▶ WORK REQUIRED
Return only the lines from the start of the records through the line that contains "ડ્રેજર વેચાણ માટે", inclusive; leave out all pictures.

== RECORD EXCERPTS

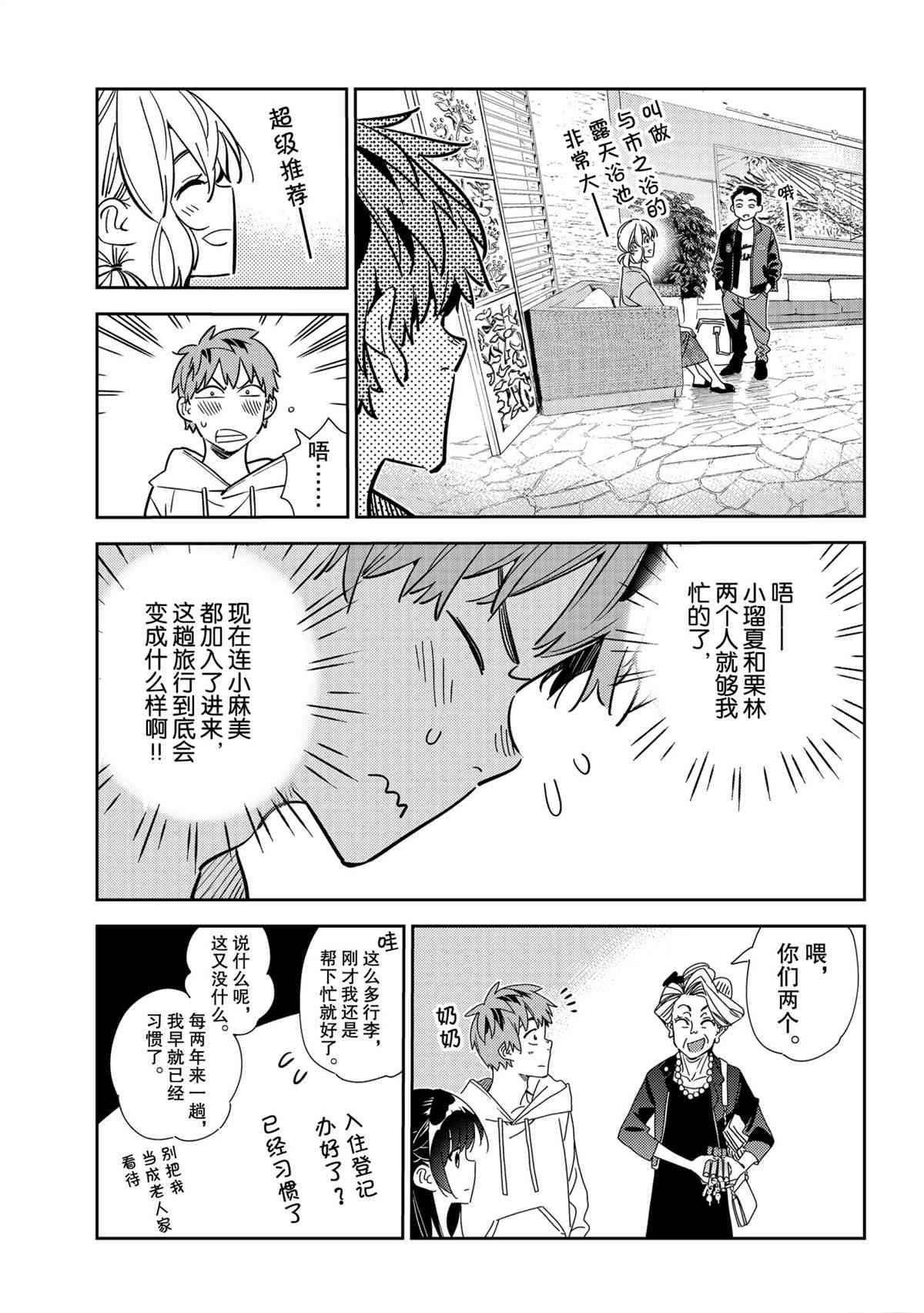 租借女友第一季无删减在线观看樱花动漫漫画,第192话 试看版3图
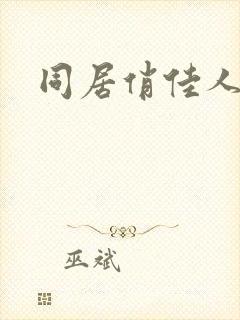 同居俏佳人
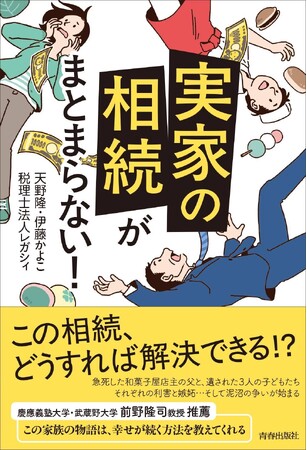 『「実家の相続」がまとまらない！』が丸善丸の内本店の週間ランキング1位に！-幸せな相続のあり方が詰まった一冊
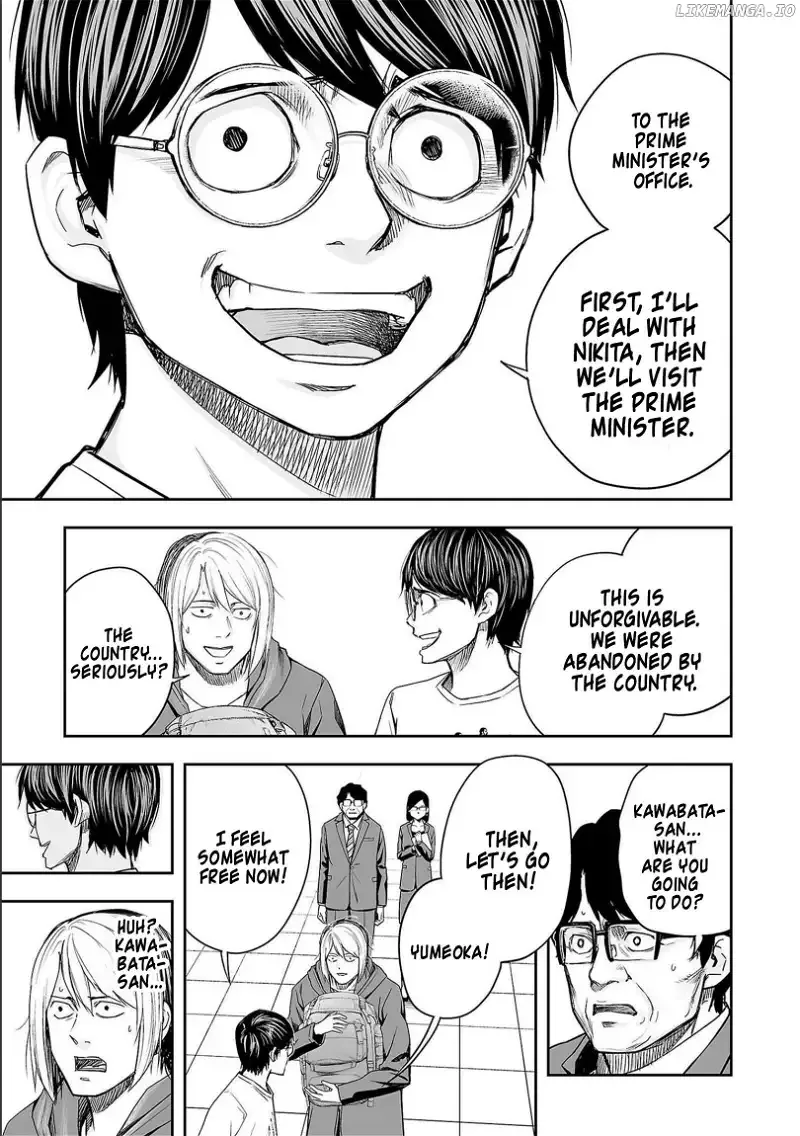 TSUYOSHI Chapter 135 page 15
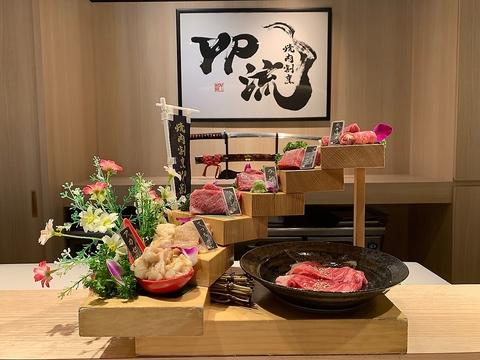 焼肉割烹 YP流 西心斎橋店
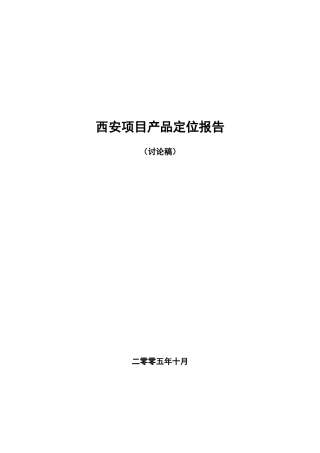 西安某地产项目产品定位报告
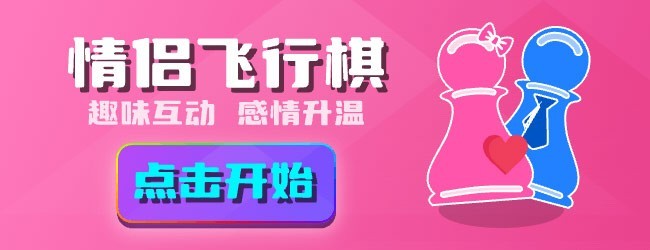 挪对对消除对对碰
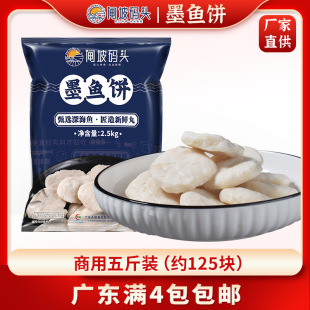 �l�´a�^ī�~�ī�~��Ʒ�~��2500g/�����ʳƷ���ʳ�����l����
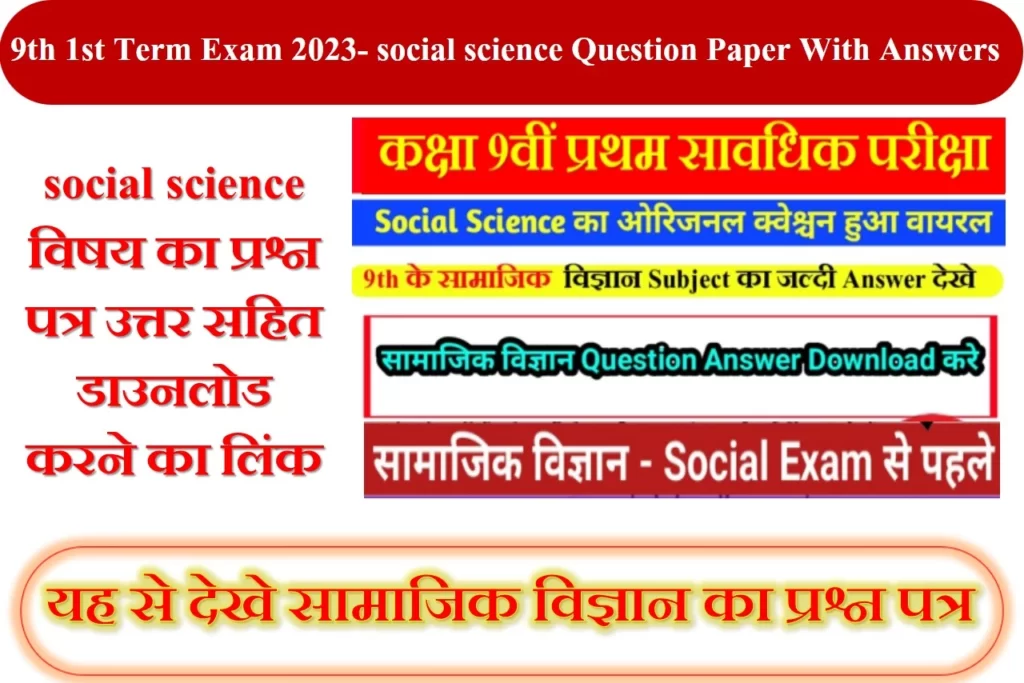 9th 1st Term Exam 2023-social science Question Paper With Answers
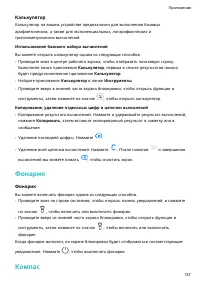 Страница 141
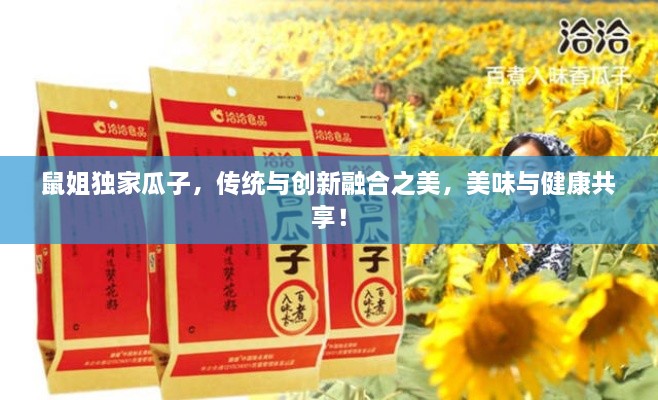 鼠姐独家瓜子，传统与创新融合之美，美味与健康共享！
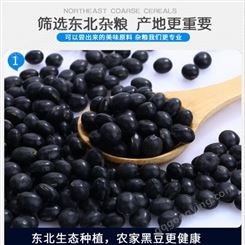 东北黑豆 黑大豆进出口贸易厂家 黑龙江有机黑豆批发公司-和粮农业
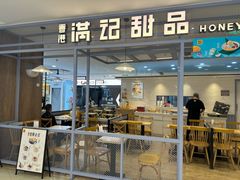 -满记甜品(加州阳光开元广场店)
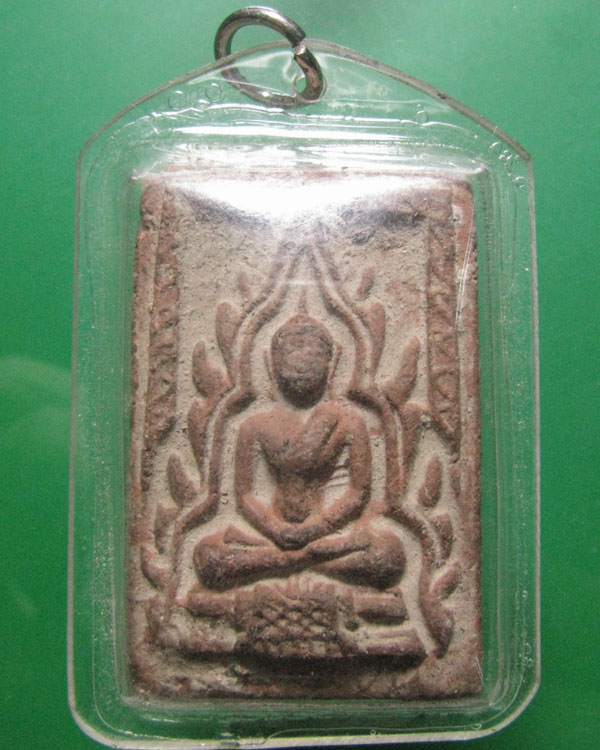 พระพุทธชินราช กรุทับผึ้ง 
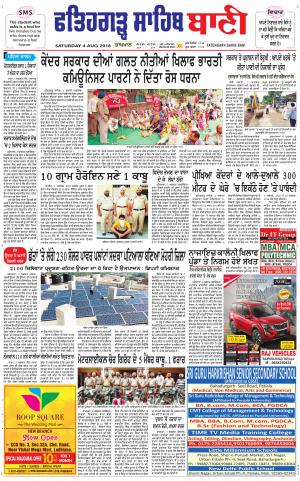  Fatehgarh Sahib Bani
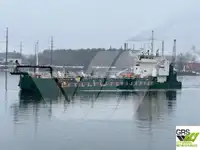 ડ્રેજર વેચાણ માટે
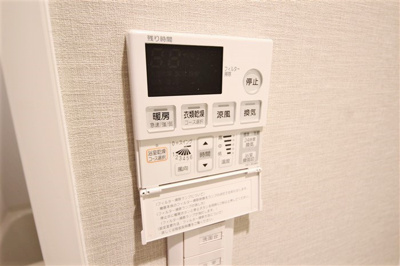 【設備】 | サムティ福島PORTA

====

▶ ANSWER SECTION
 租借女友第一季无删减在线观看樱花动漫漫画,第192话 试看版3图
 同居俏佳人
 『「実家の相続」がまとまらない！』が丸善丸の内本店の週間ランキング1位に！-幸せな相続のあり方が詰まった一冊
 TSUYOSHI Chapter 135 page 15
 焼肉割烹 YP流 西心斎橋店
 西安某地产项目产品定位报告
 挪对对消除对对碰
 �l�´a�^ī�~�ī�~��Ʒ�~��2500g/�����ʳƷ���ʳ�����l����
 9th 1st Term Exam 2023-social science Question Paper With Answers
 Страница 141
 鼠姐独家瓜子，传统与创新融合之美，美味与健康共享！
 东北黑豆 黑大豆进出口贸易厂家 黑龙江有机黑豆批发公司-和粮农业
 -满记甜品(加州阳光开元广场店)
 พระพุทธชินราช กรุทับผึ้ง 
  Fatehgarh Sahib Bani
 ડ્રેજર વેચાણ માટે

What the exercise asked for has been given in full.